UTILIZATION OF DATE SYRUP (DIPS) IN PRODUCTION OF FLAVOURED YOGHURT

Document Type : Original Article

Authors

Food Sci. Dept., Fac. Agric., Zagazig Univ., Egypt

Abstract

Date syrup was used in the preparation of flavoured yoghurt from whole buffaloes milk. Flavoured yoghurt was made from buffaloes milk supplemented with date syrup at levels of 0.0, 6.0, 8.0 and 10%. Resultant yoghurt of all treatments was stored at 5°C for 15 days during which samples were taken for chemical, microbiological and sensory analyses.
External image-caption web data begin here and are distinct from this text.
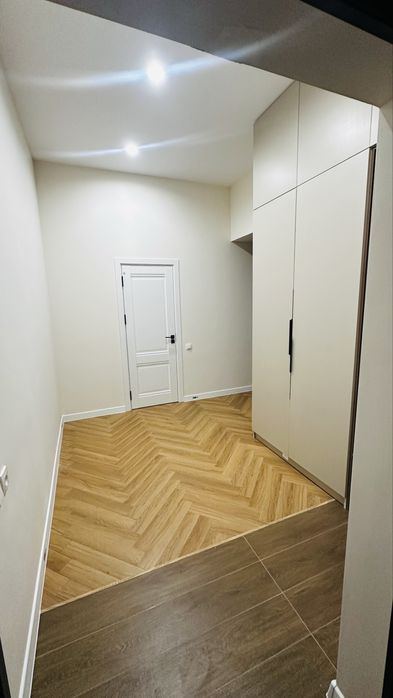 1-комнатная квартира, 53 м²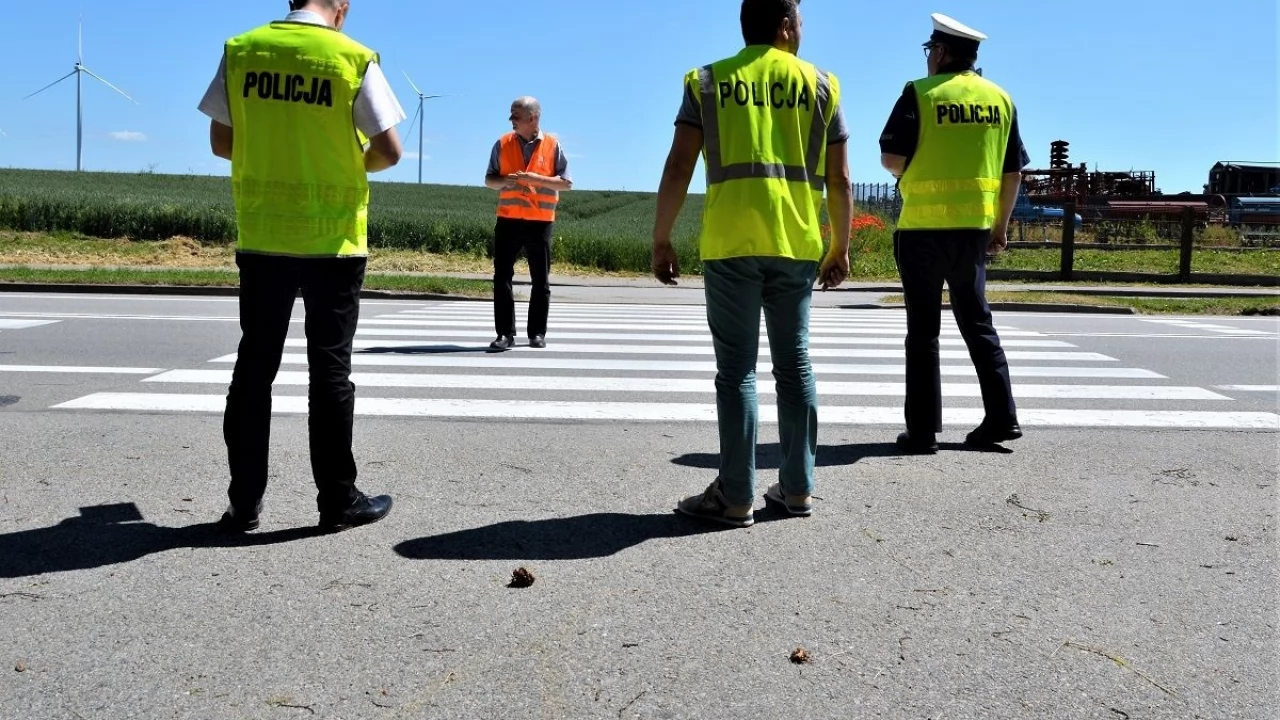 Ograniczą prędkość w miejscu śmiertelnego wypadku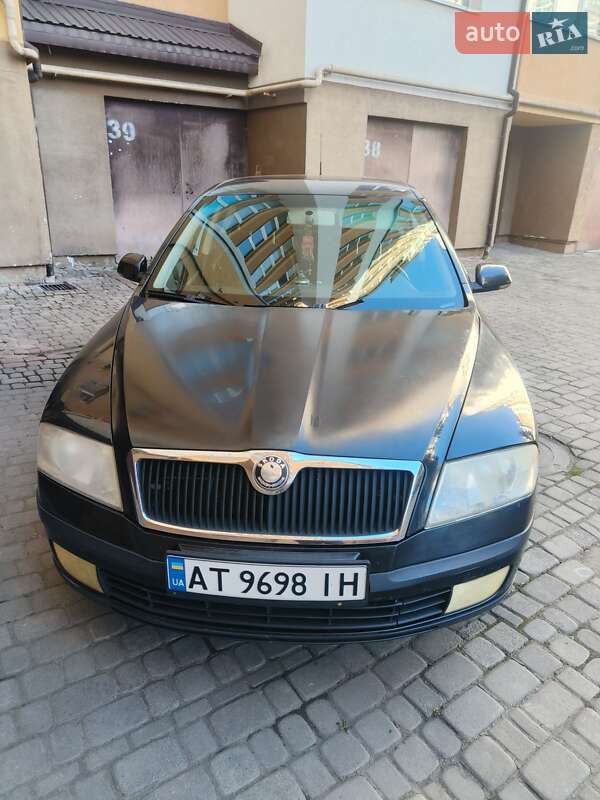 Skoda Octavia 2007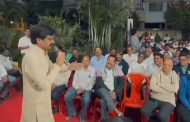 प्रभाग क्रमांक २२ साठी लोकाभिमुख कार्यपद्धती राबविण्याचा मच्छिंद्र तापकीर यांचा निर्धार.. 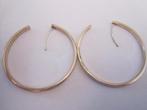 8.  Creolen, zilver, Ophalen, Zilver, Oorbellen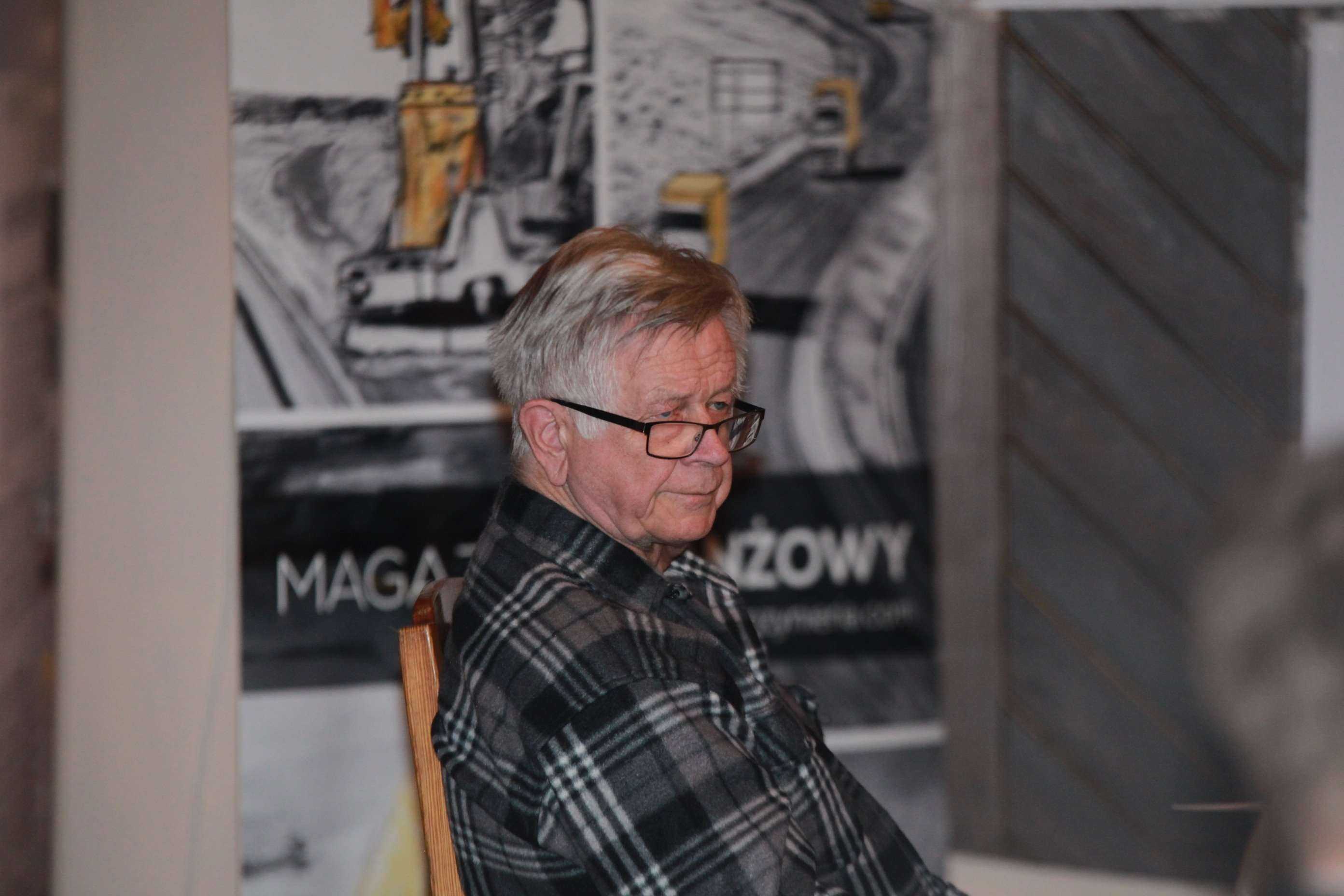 prof. dr hab. inż. Maciej Gryczmański - Politechnika Śląska / fot. inzynieria.com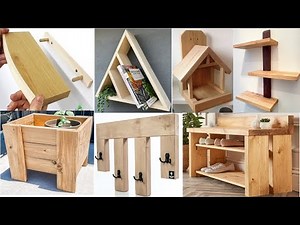 Boost Your Home’s Charm in a Weekend: Easy Handmade Wood Project design ideas Anyone Can Do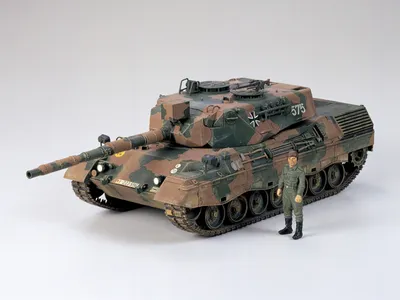 Image de Tamiya 1:35 Bundeswehr Leopard 1A4 300035112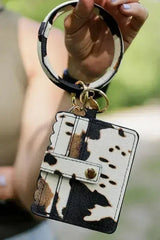 Safari Tassel Cardholder Keychains - Femstylo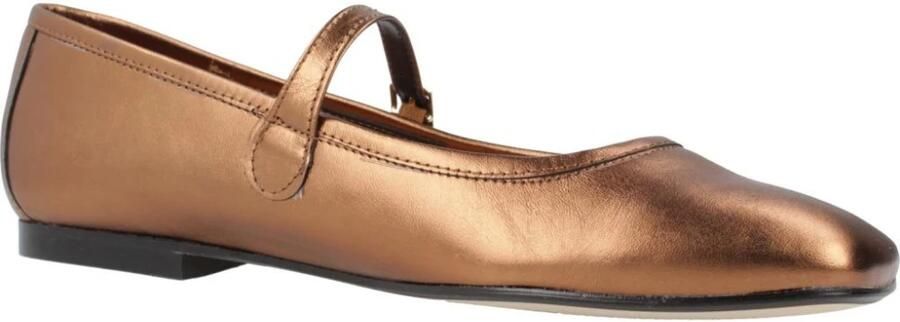 Yellow Elegante Balletflats voor Vrouwen - Foto 8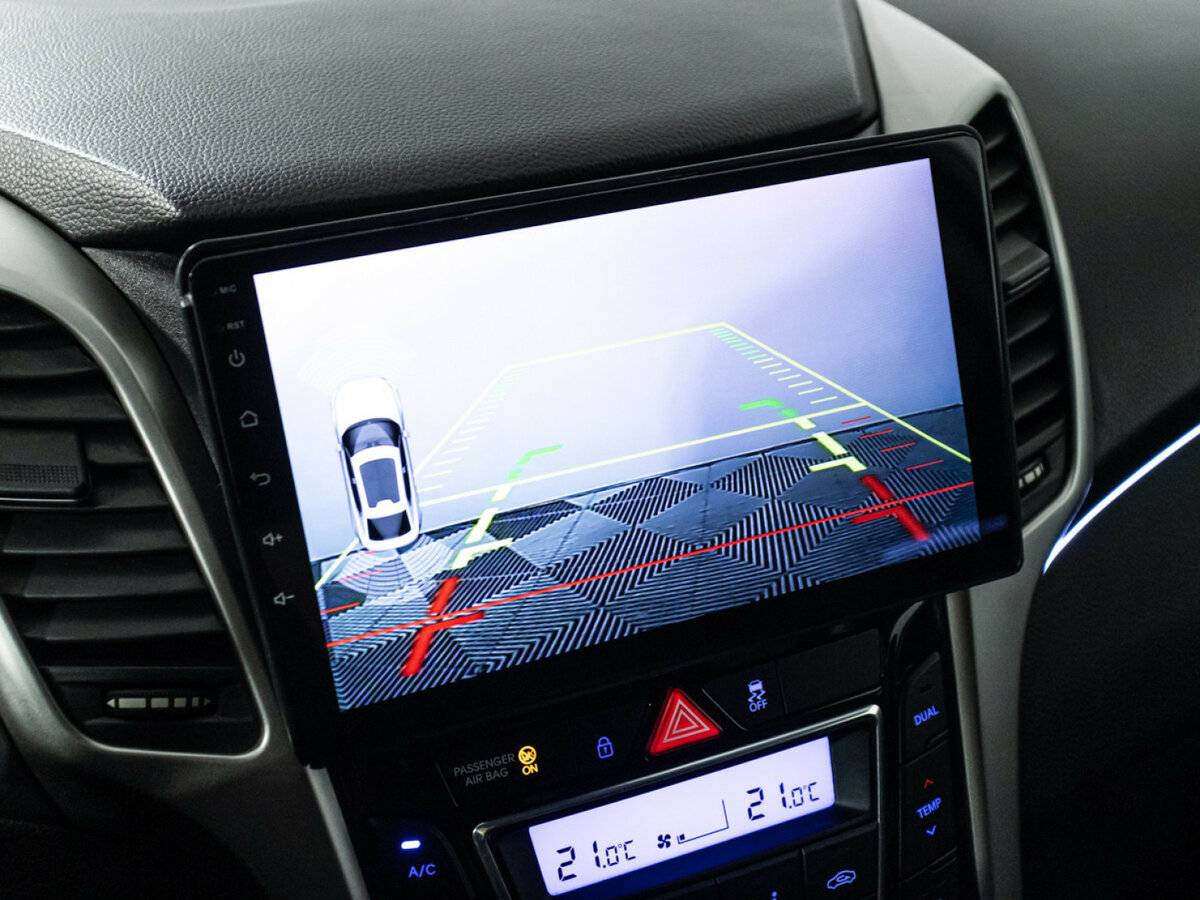 Hyundai i30 2015 года с пробегом. Фото: #14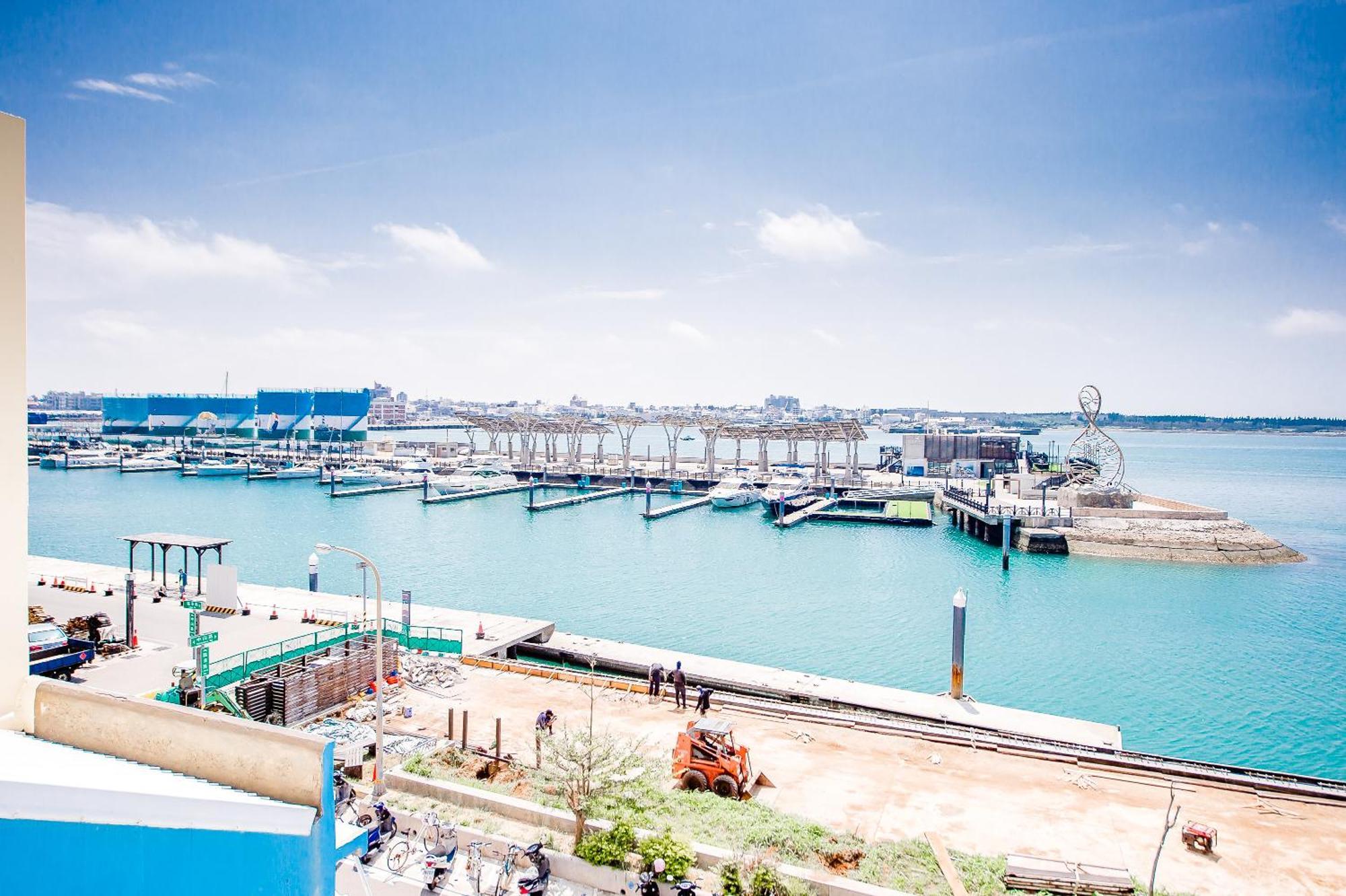 Penghu Sea Residences Hall Magong Exterior foto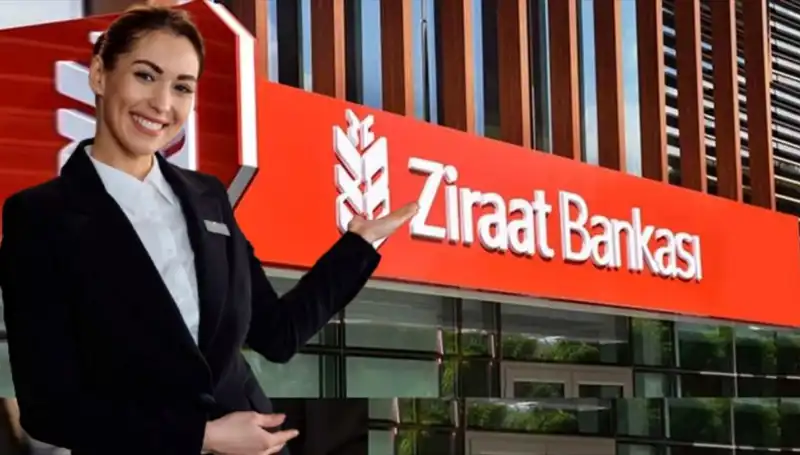 Ziraat Bankası 2025'te 150 Gişe Memuru Alımı Yapacak: Başvurular Ne Zaman?
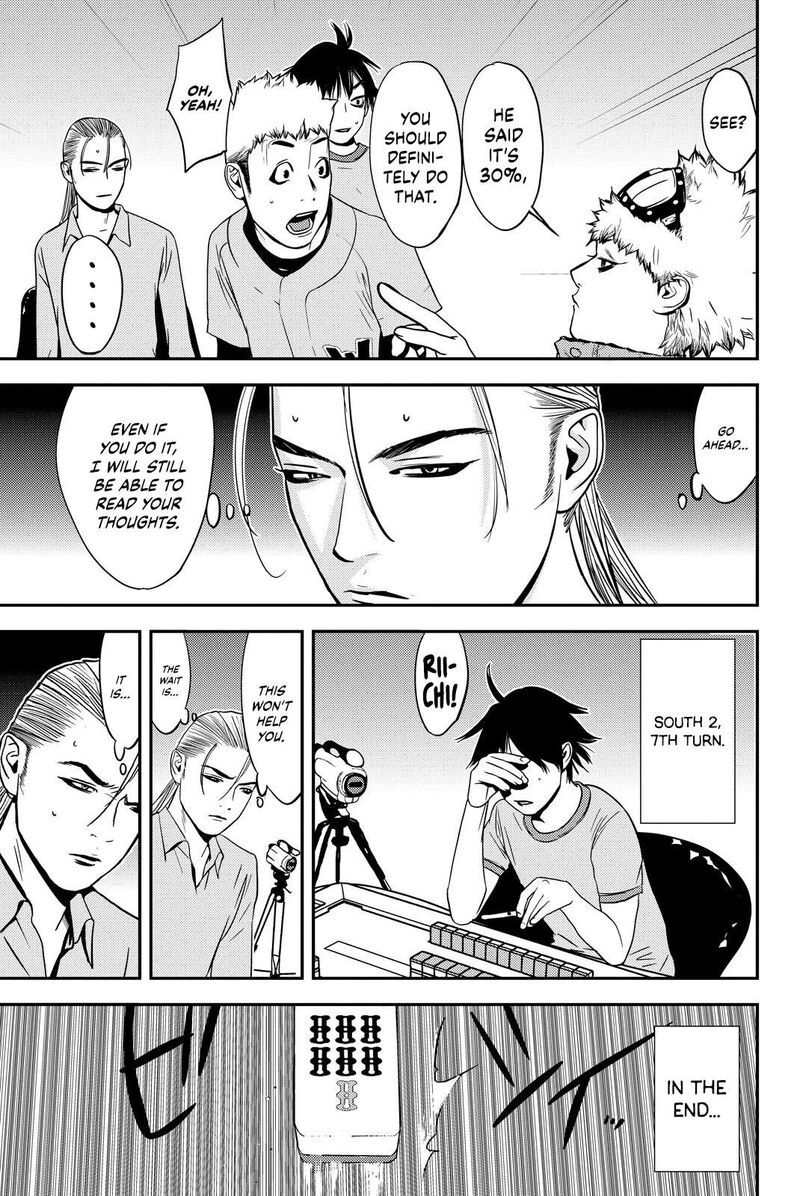 Muteki No Hito Chapter 22 Page 15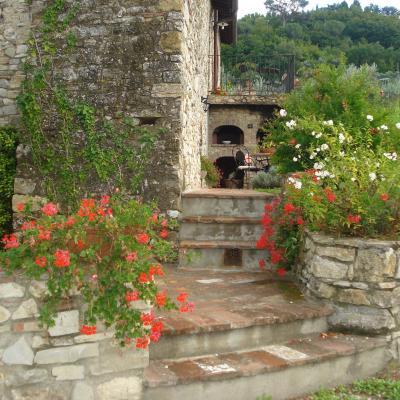 I Due Cipressi B&B a Firenze Sud - Il Forno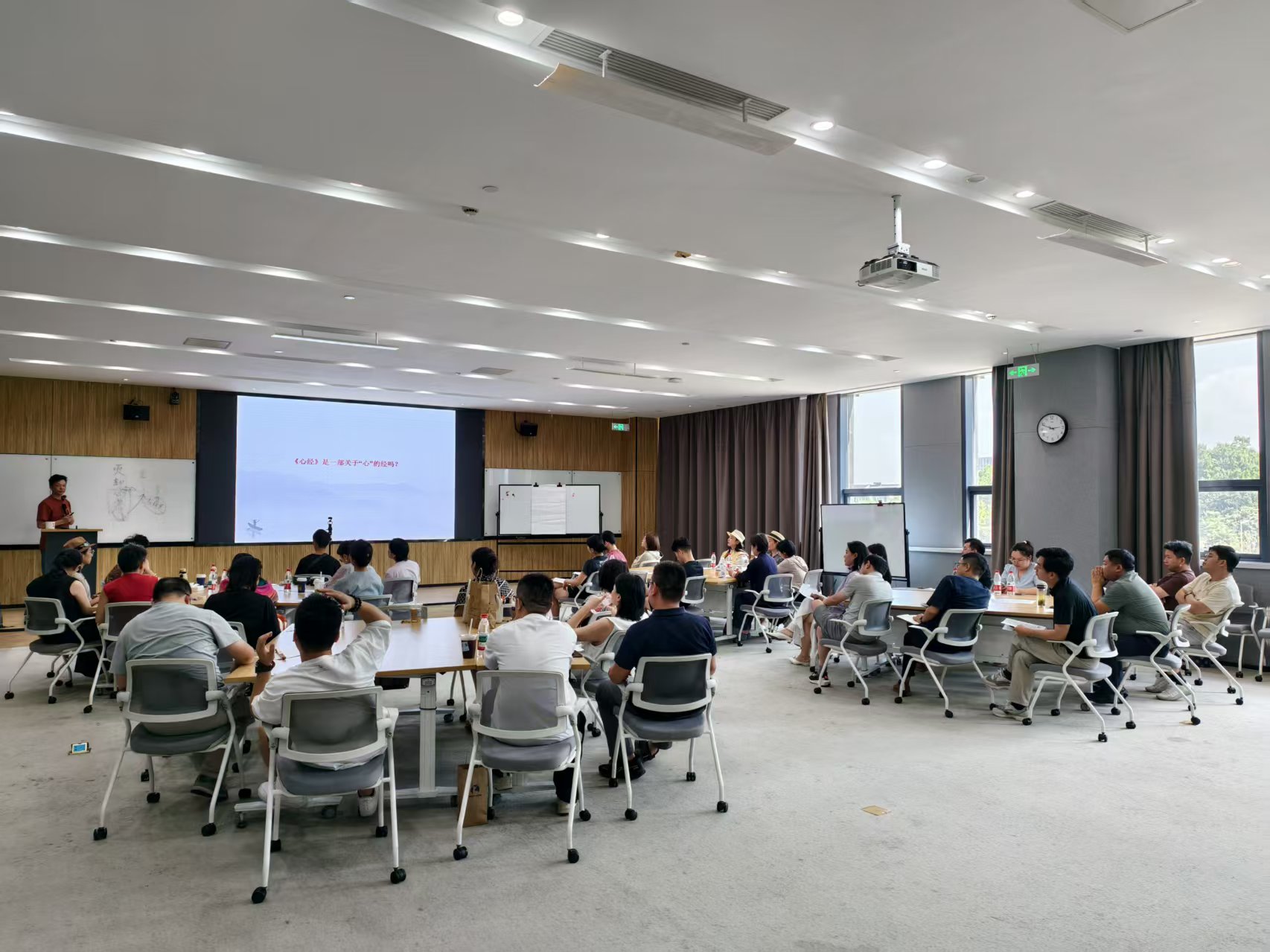 游学照片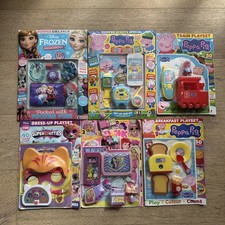 Lot Of 6 Kids Activity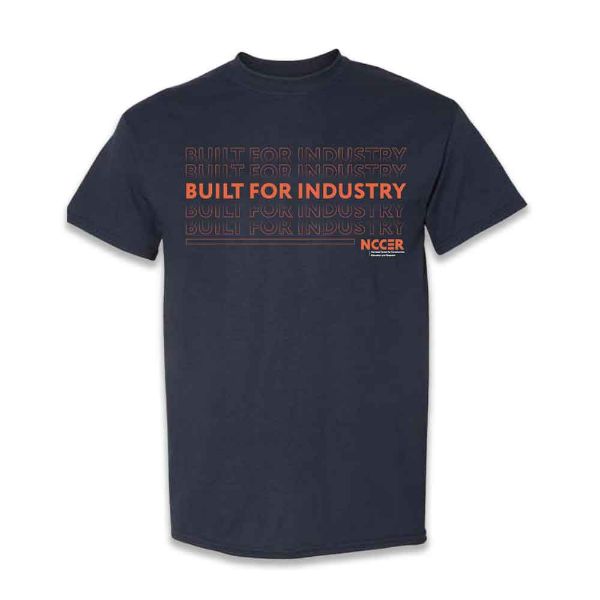 Picture of Built For Industry T-Shirt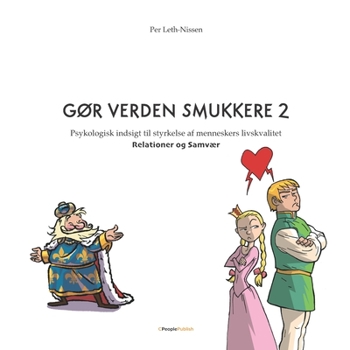 Paperback Gør Verden Smukkere 2: Relationer og Samvær [Danish] Book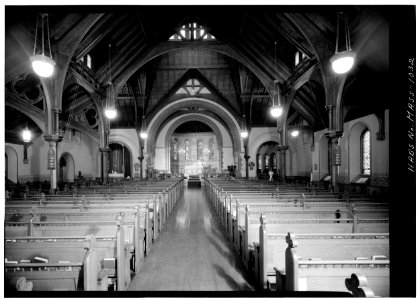St. James Church (Cambridge, Massachusetts) - 079963pu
Addition of date syrup (Dips) to buffaloes milk increased acidity, total solids, total proteins and ash content of resultant flavoured yoghurt, but decreased both fat content and pH values. Also date syrup addition decreased total bacterial count and increased lactobacilli count of resultant flavoured yoghurt. These observations were associated with the level of date-syrup addition. Yeasts, moulds and coliforms counts were some slight higher in flavoured yoghurt but within the legal Egyptian standards.  Results also indicated that addition of dips to buffaloes milk up to 8% greatly improved the organoleptic properties of resultant flavoured yoghurt either when fresh or up to the end of the storage period. But increasing the level of dips more than 8% decreased the scores of resultant product. So, it could be concluded that the best level of dips addition was 8% in order to produce good quality date- syrup flavoured yoghurt.